A Butcher in Brazil – a Job I Never Imagined Having

The supermarket where I am working.

By Osmel Almaguer

HAVANA TIMES – My life in Brazil has been diametrically opposed to the life I lived in Cuba. For the language, the lifestyle, the culture, and because I earn my living and support my family with a job very different from journalism. I’m an açougueiro, a word that means butcher in Portuguese.

One of the many problems in Cuban society today is the lack of meat, especially beef. To the extent that between 1990 and 2022, I think I only managed to taste it about five times.

When I received the proposal to work in the meat section of the supermarket where I was employed, my initial reaction was positive, since it meant a better salary. However, after agreeing I thought nervously: “What the heck do I know about meat?”

I began behind the counter, with the prospect of becoming an açougueiro in a short time. Miraculously, I learned the skills quickly, despite having to deal with many different cuts and to get to know them starting from zero; and also to understand them and to sell them in Portuguese to customers from a slum.

In order to sell, I also had to memorize a code for each of the forty-plus products we offer.

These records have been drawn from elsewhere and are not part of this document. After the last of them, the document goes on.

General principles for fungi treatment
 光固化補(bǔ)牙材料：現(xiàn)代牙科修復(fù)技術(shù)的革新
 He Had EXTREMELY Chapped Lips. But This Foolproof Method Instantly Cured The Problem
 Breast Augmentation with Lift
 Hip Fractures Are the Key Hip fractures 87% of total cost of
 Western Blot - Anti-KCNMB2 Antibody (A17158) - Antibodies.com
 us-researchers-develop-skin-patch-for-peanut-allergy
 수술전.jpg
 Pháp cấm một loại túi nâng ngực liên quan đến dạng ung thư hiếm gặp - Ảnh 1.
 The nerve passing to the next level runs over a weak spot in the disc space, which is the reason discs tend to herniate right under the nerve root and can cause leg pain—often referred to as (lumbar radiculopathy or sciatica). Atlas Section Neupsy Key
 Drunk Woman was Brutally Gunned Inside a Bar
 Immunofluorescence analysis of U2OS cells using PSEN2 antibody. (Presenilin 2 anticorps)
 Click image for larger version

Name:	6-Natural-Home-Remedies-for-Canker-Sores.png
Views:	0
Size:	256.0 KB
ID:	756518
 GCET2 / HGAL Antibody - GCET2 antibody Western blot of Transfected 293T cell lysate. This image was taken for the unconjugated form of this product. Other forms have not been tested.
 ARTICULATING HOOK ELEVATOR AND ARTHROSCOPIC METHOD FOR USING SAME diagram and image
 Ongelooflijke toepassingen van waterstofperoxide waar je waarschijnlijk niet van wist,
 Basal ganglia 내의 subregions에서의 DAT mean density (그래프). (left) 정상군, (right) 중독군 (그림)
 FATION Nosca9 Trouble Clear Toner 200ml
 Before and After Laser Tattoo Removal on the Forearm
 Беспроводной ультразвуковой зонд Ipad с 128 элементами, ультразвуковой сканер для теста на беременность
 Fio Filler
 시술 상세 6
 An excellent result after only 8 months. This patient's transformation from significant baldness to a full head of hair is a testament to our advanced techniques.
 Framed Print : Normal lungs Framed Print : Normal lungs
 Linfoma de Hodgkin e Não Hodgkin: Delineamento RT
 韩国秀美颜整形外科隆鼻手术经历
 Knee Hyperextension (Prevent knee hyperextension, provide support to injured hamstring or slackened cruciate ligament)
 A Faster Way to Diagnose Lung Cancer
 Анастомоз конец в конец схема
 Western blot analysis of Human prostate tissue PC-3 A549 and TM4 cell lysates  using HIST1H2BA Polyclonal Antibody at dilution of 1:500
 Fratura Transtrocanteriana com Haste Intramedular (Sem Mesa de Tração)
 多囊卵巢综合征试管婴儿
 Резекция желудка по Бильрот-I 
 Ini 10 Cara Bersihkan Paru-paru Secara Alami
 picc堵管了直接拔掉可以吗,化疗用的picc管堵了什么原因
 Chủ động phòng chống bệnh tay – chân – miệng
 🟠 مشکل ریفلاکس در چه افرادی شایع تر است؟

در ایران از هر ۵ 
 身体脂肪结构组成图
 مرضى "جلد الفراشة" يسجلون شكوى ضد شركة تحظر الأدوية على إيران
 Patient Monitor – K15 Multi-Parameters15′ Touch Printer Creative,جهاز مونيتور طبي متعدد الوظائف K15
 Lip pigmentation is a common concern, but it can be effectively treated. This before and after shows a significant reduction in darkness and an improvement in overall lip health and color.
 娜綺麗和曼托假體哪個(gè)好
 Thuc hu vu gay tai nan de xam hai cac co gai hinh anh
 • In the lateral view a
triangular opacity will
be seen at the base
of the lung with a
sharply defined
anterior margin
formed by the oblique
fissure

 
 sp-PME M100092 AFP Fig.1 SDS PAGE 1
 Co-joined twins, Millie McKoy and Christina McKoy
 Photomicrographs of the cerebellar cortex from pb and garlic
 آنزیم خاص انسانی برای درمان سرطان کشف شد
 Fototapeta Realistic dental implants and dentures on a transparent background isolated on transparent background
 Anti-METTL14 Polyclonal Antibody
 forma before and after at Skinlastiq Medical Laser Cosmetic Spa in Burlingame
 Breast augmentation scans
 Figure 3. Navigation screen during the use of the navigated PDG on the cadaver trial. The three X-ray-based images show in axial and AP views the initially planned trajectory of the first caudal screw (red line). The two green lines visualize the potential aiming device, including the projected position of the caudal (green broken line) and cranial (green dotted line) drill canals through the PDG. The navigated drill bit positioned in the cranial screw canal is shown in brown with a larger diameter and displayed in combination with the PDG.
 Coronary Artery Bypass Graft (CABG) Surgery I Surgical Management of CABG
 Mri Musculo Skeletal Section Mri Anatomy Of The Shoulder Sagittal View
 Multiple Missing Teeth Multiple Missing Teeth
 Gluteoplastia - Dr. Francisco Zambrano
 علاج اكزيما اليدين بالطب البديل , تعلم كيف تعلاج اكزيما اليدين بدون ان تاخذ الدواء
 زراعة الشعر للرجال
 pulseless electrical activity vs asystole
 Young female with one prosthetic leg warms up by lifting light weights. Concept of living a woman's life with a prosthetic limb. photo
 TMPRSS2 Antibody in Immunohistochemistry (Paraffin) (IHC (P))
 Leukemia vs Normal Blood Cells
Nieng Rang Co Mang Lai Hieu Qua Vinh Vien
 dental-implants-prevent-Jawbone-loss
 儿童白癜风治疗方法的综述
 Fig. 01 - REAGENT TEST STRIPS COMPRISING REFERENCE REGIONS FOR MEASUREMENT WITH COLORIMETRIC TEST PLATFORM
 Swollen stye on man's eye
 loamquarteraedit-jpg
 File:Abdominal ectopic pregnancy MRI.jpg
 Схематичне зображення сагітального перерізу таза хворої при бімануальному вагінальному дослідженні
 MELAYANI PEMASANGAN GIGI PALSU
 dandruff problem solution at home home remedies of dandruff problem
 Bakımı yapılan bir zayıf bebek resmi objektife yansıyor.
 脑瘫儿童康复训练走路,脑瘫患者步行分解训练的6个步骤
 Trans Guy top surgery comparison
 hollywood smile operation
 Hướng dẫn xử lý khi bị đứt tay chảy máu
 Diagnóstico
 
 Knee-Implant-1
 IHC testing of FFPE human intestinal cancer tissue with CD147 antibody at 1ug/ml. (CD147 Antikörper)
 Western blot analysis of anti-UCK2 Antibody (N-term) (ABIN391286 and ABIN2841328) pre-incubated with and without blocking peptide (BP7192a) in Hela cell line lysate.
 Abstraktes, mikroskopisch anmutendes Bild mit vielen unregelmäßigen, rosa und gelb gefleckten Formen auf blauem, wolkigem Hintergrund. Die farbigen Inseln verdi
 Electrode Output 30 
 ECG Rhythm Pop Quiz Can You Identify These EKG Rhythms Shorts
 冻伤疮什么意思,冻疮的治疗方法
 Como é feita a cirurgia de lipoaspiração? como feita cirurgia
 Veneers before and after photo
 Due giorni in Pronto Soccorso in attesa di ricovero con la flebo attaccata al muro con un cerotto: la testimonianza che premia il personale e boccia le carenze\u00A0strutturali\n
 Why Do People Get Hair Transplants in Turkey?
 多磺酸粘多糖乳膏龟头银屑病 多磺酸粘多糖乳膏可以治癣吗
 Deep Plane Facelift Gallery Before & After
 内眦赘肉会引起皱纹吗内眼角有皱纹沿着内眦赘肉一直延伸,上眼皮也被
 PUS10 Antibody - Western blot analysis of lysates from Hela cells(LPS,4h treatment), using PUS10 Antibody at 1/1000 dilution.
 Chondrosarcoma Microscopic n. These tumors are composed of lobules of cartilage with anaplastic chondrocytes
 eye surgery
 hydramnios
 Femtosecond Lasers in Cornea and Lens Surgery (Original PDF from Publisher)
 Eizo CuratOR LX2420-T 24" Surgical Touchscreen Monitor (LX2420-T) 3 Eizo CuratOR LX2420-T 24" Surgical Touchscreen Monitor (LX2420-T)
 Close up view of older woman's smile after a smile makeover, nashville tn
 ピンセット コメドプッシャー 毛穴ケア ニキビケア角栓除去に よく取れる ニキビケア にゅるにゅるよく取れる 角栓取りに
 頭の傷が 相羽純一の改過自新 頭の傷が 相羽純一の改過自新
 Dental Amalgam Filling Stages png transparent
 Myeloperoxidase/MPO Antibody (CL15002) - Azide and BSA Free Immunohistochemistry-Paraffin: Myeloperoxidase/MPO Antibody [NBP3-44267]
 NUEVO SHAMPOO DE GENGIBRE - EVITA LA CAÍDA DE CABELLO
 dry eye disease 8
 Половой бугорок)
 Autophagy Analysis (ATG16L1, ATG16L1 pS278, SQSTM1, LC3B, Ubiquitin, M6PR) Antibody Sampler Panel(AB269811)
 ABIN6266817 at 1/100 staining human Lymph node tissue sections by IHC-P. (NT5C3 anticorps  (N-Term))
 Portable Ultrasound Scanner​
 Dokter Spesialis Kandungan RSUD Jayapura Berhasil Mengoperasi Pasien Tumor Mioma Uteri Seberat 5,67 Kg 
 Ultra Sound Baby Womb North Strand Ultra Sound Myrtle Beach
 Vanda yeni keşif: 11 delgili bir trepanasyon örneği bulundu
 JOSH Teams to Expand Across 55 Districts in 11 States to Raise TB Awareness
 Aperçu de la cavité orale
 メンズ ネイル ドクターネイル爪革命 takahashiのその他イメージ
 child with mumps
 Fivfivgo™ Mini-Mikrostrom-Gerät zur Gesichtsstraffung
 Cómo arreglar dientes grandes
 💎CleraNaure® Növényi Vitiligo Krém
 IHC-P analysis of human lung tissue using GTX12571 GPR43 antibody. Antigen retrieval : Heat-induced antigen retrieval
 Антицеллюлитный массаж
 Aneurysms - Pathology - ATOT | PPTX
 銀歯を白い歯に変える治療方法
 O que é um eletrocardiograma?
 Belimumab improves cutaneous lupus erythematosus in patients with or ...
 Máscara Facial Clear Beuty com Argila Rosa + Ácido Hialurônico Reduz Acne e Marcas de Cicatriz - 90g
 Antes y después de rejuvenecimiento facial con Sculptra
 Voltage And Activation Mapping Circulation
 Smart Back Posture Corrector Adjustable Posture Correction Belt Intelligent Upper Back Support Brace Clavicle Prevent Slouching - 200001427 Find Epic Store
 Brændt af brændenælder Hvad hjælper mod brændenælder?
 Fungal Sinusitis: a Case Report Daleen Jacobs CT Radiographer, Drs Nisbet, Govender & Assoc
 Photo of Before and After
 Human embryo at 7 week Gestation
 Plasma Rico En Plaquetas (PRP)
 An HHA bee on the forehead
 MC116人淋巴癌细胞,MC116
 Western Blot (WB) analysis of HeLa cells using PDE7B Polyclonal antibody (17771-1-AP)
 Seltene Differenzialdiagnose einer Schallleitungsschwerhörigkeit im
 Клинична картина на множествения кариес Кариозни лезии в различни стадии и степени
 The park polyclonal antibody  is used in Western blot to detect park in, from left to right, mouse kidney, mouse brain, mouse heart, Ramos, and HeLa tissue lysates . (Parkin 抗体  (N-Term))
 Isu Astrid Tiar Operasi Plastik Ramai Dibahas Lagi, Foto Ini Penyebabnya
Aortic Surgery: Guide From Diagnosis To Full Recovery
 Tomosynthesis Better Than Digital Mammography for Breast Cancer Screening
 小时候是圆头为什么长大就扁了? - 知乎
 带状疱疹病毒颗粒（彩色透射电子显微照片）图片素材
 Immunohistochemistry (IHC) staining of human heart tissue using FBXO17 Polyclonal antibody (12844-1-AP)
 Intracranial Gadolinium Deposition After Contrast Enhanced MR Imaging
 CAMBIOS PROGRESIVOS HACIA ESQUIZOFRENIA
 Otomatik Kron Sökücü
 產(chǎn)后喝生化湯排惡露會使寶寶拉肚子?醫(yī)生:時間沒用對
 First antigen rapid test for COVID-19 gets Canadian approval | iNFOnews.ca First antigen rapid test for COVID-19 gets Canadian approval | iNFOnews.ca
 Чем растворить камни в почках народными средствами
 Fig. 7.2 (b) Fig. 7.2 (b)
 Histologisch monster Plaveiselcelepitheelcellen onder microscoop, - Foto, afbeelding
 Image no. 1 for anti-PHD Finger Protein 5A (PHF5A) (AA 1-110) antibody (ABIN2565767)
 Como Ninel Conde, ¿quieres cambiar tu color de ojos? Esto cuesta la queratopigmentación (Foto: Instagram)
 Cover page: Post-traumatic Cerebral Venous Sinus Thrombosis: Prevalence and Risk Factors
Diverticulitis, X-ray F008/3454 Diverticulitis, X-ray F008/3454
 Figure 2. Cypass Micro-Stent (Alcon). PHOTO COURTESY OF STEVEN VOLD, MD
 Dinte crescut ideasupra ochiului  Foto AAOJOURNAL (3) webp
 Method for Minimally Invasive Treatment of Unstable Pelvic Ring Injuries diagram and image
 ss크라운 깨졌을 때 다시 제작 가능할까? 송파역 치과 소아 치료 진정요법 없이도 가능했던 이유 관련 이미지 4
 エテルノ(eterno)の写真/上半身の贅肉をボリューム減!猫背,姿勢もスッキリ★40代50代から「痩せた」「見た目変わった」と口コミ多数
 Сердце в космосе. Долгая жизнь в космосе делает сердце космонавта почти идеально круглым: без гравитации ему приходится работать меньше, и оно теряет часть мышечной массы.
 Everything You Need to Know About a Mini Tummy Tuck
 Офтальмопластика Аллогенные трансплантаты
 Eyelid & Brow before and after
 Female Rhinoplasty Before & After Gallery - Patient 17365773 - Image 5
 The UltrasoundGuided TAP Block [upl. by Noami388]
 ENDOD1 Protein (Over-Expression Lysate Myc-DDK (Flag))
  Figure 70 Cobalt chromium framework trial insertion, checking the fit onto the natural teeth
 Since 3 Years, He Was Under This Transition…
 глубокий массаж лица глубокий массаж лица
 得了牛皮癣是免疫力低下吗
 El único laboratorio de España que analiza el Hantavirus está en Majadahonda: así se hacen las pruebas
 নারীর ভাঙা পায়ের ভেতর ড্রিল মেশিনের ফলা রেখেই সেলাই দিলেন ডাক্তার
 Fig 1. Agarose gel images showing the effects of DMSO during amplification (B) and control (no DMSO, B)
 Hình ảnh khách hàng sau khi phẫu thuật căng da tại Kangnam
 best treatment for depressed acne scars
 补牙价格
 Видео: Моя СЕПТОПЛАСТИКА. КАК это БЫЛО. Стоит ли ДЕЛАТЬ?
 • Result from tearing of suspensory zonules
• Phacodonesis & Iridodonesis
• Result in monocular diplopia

In under a week I knew them all, even though I had previously thought of myself as someone who was forgetful.

The supermarket’s meat department.

Another step in my relationship with meat took place when I began to change my eating habits. Since I now had access to good cuts of meat first hand and to special sales, I began buying meat more often. We soon abandoned that philosophy that meat is harmful, that it should only be eaten twice a week.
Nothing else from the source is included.